S.M: Desierto sonoro es una novela que está atravesada por el tema de la migración ilegal de niños, pero en realidad el tema central es la historia de una familia que está viajando de Nueva York a Arizona, como lo hizo Valeria con su propia familia, y de cómo esa familia se va rompiendo y la relación amorosa se va acabando. Hablemos de la relación que mantienen estos dos libros y el proceso de escritura: cómo fue, cómo empezaste escribiendo una novela para luego tener que escribir el ensayo y luego retomar la novela; y también de cómo en ese proceso de las traducciones que tú misma haces o revisas se van añadiendo cosas, se van complementado. ¿Cómo fue escribir estos dos libros, uno siendo ficción y el otro ensayo?
V.L: Empecé, primero, a escribir la novela, a escribir notas, en el verano de 2014, que fue el año en que estalló la mal nombrada “crisis migratoria” que existe entre los refugiados, o la diáspora de niños afroamericanos que llegaban a Estados Unidos a pedir asilo. Desde que empezó a hacerse visible esa crisis, francamente no me era posible pensar en casi nada más. Estaba además cruzando Estados Unidos, escuchando versiones de esta crisis, leyendo versiones de esta crisis en los periódicos de Oklahoma, en la radio, en Arkansas, en los diners de carretera de Arizona.
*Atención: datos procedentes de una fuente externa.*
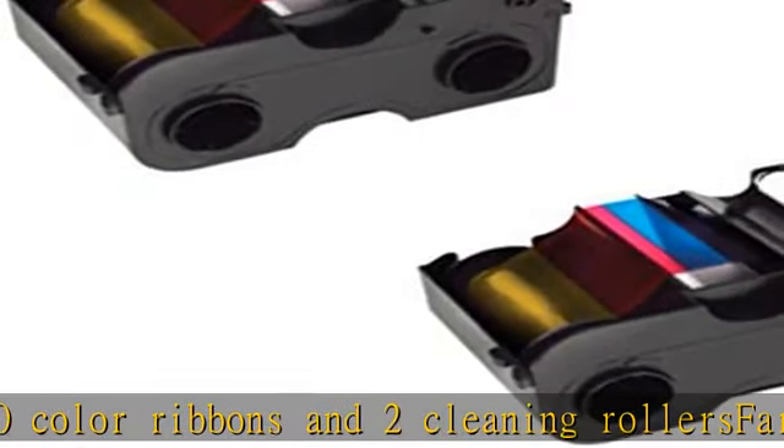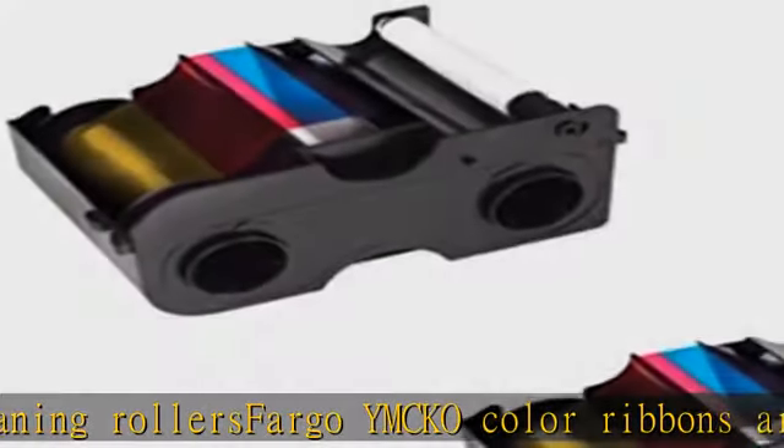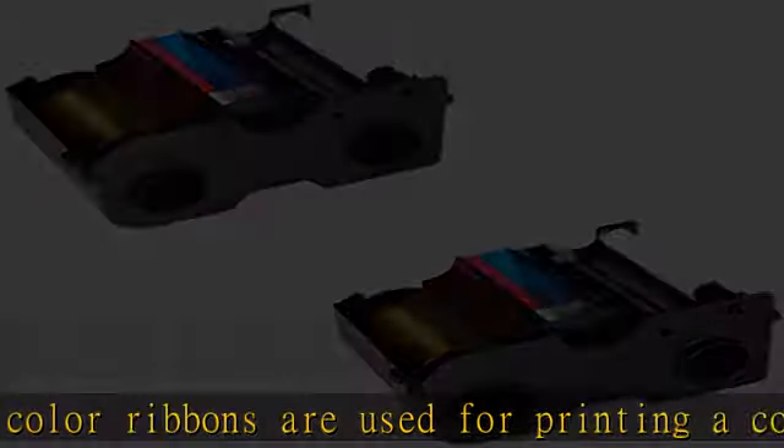The bundle comes with two Fargo IMCO color ribbons and two cleaning rollers. Fargo IMCO color ribbons are used for printing a combination of full color images and one color text or barcodes.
Dejé de escribir lo que estaba escribiendo es ese momento, que era una novela sobre Sudáfrica, y me puse a anotar lo que escuchaba y lo que veía; es decir, cómo se estaba generando un discurso en torno a esta crisis.
Empecé a pensar en el motor, en cuál sería el motor del libro. Pensé en la manera en que nos pasamos historias intergeneracionalmente, cómo les dejamos a las generaciones más chicas una versión del mundo, una explicación de la violencia política, una versión de los mitos fundacionales de los países, y cómo esas generaciones rearticulan a veces con mucha menor lucidez, echando luz en lo que parece normal, y en realidad no hay que normalizar, y cómo entonces articulan otra historia.
Empecé a pensar en esas dos cosas, por lo menos en ese cúmulo de primeras intuiciones, y cuando regresamos mi familia y yo a Nueva York después de ese verano, me involucré de manera más activa en la crisis en la cortes de migración, traduciendo testimonios, como decías tú hace rato, para, una vez traducido el testimonio de un niño, poder encontrar un abogado que lo representase y lo defendiese de la orden de deportación.
Mientras tanto seguía escribiendo lo que iba a ser Desierto sonoro, pero en ese periodo en particular empecé hacer todo muy mal. Empecé a usar la novela como vehículo de mi propia rabia política, mi confusión ante el sistema migratorio, los testimonios que escuchaba de los niños, y se estaba haciendo un caldo asqueroso. Entonces paré, hice lo que tenía que hacer, pero no me había dado cuenta hasta entonces de que era más sencillo y directo escribir un ensayo que denunciara lo que yo estaba viendo en la corte como testigo cercano. Entonces eso hice, dejé la novela y escribí Los niños perdidos. Lo escribí primero en inglés, como un ensayito, que fue publicado en una revista. Luego se los mandé a mis editores en Sexto Piso, Diego y Eduardo Rabasa, y les dije: “Oigan, ayúdenme a buscar en español una revista, un medio que le pueda interesar ese ensayo”. Buscamos un traductor y ya. Lo leyeron y me dijeron: “Más bien nos interesaría hacer un librito”. Yo me resistí un poco a esa idea, pero dijimos que bueno; que cuando fuera a México hacíamos una reunión y lo platicábamos y mirábamos qué quedaba.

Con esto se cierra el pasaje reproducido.